# Provided records
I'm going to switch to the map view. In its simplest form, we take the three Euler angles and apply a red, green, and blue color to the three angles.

--

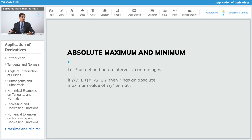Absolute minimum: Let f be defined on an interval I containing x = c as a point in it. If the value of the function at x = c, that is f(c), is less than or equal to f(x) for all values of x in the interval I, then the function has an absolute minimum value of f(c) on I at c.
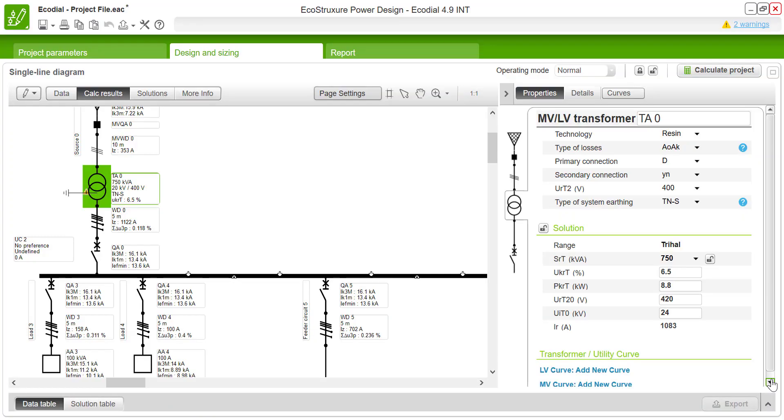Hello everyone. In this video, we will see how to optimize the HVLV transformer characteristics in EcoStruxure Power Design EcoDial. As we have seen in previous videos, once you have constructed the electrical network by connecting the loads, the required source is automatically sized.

# Exercise objective
Copy only what runs above from the line containing "Absolute minimum: Let" through the line containing "Hello everyone. In", exactly. Leave out the pictures.

# Exercise solution
Absolute minimum: Let f be defined on an interval I containing x = c as a point in it. If the value of the function at x = c, that is f(c), is less than or equal to f(x) for all values of x in the interval I, then the function has an absolute minimum value of f(c) on I at c.
Hello everyone. In this video, we will see how to optimize the HVLV transformer characteristics in EcoStruxure Power Design EcoDial. As we have seen in previous videos, once you have constructed the electrical network by connecting the loads, the required source is automatically sized.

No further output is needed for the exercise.